There are now three days of Summer Music left, and the Chamber and Cecilian Choirs are prepped and ready for tomorrow night’s concert at St Mildred’s Church, Canterbury. For the Cecilian Choir, it will be the last time the Choir meets this year; for the Chamber Choir, it’s their penultimate performance, before a final flourish as part of the Music Society concert on Sunday afternoon.
This is, for me, probably the lowest point in the year; the sense that, after a year’s committed rehearsing and music-making, the Choirs are reaching the final moment, after which they’ll never exist again. By which, of course, I don’t mean that the University Chamber Choir and Cecilian Choir won’t appear again – they’ll be re-incarnated next year, after a flourish of auditions, and take on a new year’s worth of concert commitments. But it will be the last time the Choirs exist in their present form, with their current members. Some of the students are graduating in July; some are taking a year abroad as part of their studies; some are only here for a year.

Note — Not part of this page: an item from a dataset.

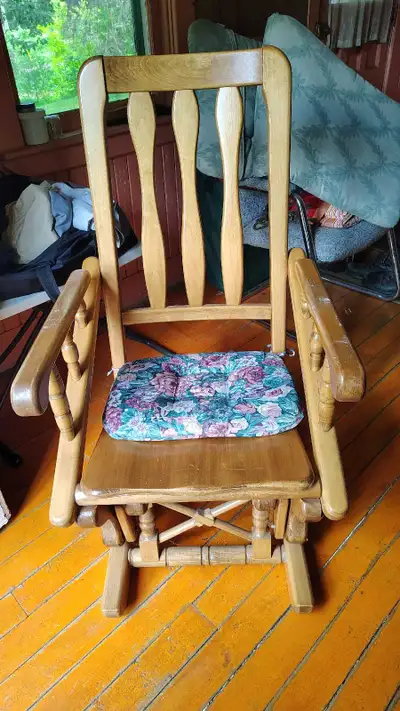 Wooden Glider Rocking Chair, View more
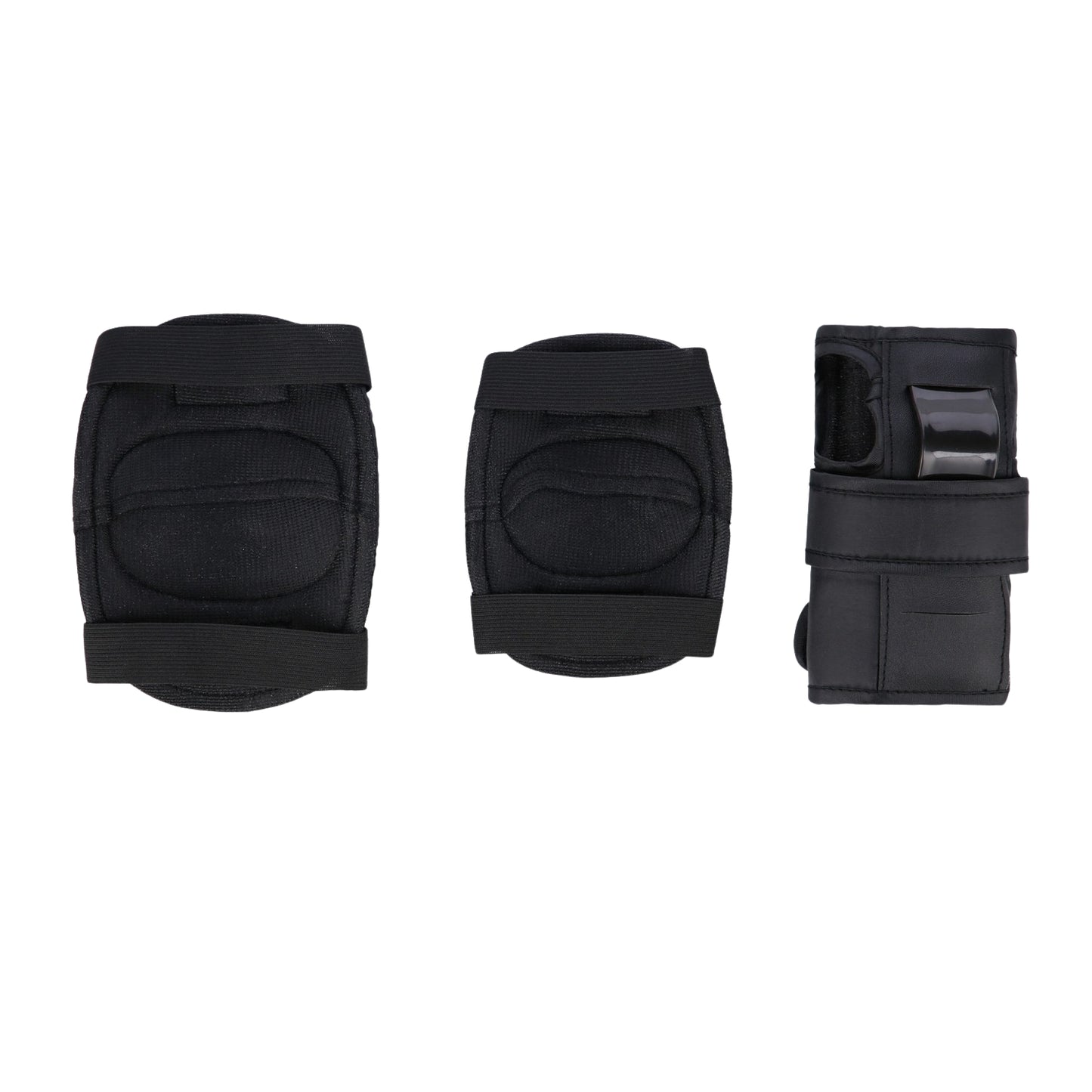 Black Helmet with Protectors Set, Size S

That’s the trouble, not just with the choirs here at the University, but with all the ensemble music-making that goes on; after a year of working together, developing repertoire and a unity of ensemble, meeting new musicians and putting on concerts together, all that effort evaporates. Music, especially music performance, is a transient phenomenon: it exists in the white-heat of public performance, and afterwards ceases to exist. (Recorded performance somehow never quite capture the magic, the essence, the vibrancy of the live performing experiece, especially if it’s you involved in the performing). That’s a part of its appeal, certainly; striving for that perfect moment at which performer, music, listener and performance-space combine in one unforgettable moment, transcending all of these factors and becoming something unique, unrepeatable. But it is something to regret too.
And it’s not just about the rehearsing; it’s a formative process, where developing the ensemble encompasses so much more than simply meeting once a week for note-bashing; it’s about the forging of friendships, the making of new friends, the sense of travelling together over the course of a year towards a shared outcome.
It’s a necessary part, I suppose, of working in a university: the ebb and flow as students arrive and graduate three or four years later. This time of the year is always something of a low; the rationale part of me remembers the heady furore of interviews and auditions that occurs in September and the exciting possibility afforded by all the different musical interests that arrive at the university at the start of each academic year. My job is to harness the potential for music-making at the start of each year and work to develop opportunities for it to be realised, for music-making to take place; a musical animateur, if you will. It’s an exciting job; but comes with the commensurate regret each summer as the year draws to a close and some of the musicians prepare to leave.
It’s been a terrific year for music at Kent, and for the Choirs in particular. Hail and farewell to all those who are graduating or leaving for a year, and thank you also to eveyone who has been a part of it; it’s been a privilege and a very great deal of laughter along the way. You’ll be missed.